Unfortunately, exec has the same problem in Python 3.0. Is there any way round this?

Use Case

Consider:

@depends("a", "b", "c", "d", "e", "f")
def test():
    put_into_locals(test.dependencies)

depends stores the strings provided in its arguments in a list test.dependences. These strings are keys in a dictionary d. I would like to be able to able to write put_into_locals so that we could pull the values out of d and put them into the locals. Is this possible?

Answer

Unknown picture Unknown · Sep 20, 2009

I just tested exec and it works in Python 2.6.2

>>> def test():
...     exec "a = 5"
...     print a
...
>>> test()
5

If you are using Python 3.x, it does not work anymore because locals are optimized as an array at runtime, instead of using a dictionary.

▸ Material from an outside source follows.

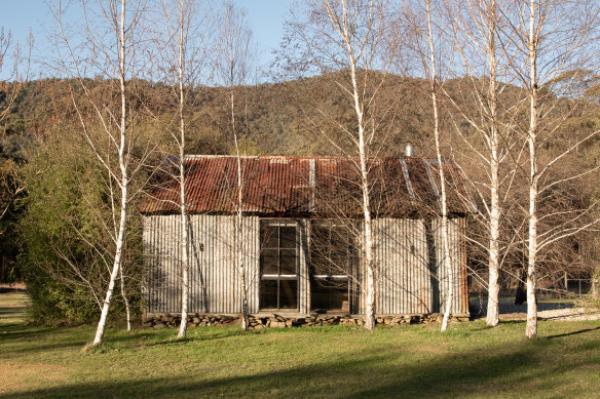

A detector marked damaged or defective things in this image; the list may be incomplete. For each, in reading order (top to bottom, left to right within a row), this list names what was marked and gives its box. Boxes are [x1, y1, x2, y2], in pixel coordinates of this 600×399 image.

rusted roof panel [139, 156, 468, 219]
rusty corrugated metal roof [141, 155, 468, 217]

When Python detects the "exec statement", it will force Python to switch local storage from array to dictionary. However since "exec" is a function in Python 3.x, the compiler cannot make this distinction since the user could have done something like "exec = 123".

http://bugs.python.org/issue4831

To modify the locals of a function on the fly is not possible without several consequences: normally, function locals are not stored in a dictionary, but an array, whose indices are determined at compile time from the known locales. This collides at least with new locals added by exec. The old exec statement circumvented this, because the compiler knew that if an exec without globals/locals args occurred in a function, that namespace would be "unoptimized", i.e. not using the locals array. Since exec() is now a normal function, the compiler does not know what "exec" may be bound to, and therefore can not treat is specially.